# your dream 32 and 42 gallon



## bobo (Sep 20, 2007)

So , i have a 42 gallon tank, and just today got my hands on another 32 gallon.
both saltwater.

so, assuming these were ur tanks, make ur dream tank, money not an option.
this will help me choose my tank inhabitants, and i guess can be fun to see what anyone would want to put in their tank. so gogo 

42 gallon :
2 occelaris clownfish
3 fire fish
2 cleaner shrimp
(nnot really planned this out but ) 1 bubble tip anemone

32 gallon: 
1 valentini
3 blue neon goby

now your turn


----------



## herefishy (Dec 14, 2006)

I would like to have a tidal pool tank with alot of anemones, leather corals, feather dusters. All of these would have to be able to handle a ton of current as I would have a constant action of waves. The movement would be continuous. I would use wave makers on timers to create the effect. And I mean HUGE powerheads to generate the flow. Filtration would be outrageously high, maybe 50x per hour or more.
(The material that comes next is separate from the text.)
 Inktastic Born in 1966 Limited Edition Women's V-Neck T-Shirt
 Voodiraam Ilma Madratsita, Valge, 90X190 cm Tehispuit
Night lighting would be a must.


----------



## bobo (Sep 20, 2007)

any fish / inverts?


----------



## SKAustin (Aug 1, 2006)

42 gallon : (drilled)
60-80 lbs of Walt Smith Premium Fiji LR
2 Occelaris Clownfish 
1 Helfrichi Firefish 
1 Red Scooter Dragonette 
1 SixLine Wrasse
1 Devils Hand Leather
1 Purple Hairy Sinularia
Orange Bam Bam Zoanthid Colony
Fire 'n' Ice Zoanthid Colony
Yellow Skirt/Blue Mouth Zoanthid Colony
Pink & Green Gorilla Nipple Zoanthid Colony
Bright Yellow Zoanthid Colony
3-5 Orange/Purple Ricordea Mushrooms 
3-5 Blue/Green Ricordea Mushrooms
Purple Fanworm
2 fancy brittle stars
20 Blue Leg hermits (5 in refugium)
15 Reef Hermits (5 in refugium)
5 Red Leg Hermits
15 Trochus Snails (5 in refugium)
5 Margarita Snails
10 Nerite Snails
10 Cerith Snails
15 Nassarius Snails
10 Stomatella Snails (half in refugium)
2 Mexican Turbo Snails


32 gallon: 
Sump with 18 g fuge


----------



## bobo (Sep 20, 2007)

hmm, i never thought of using the 32 gallon as a sump for my 42 gallon. that may work out.


----------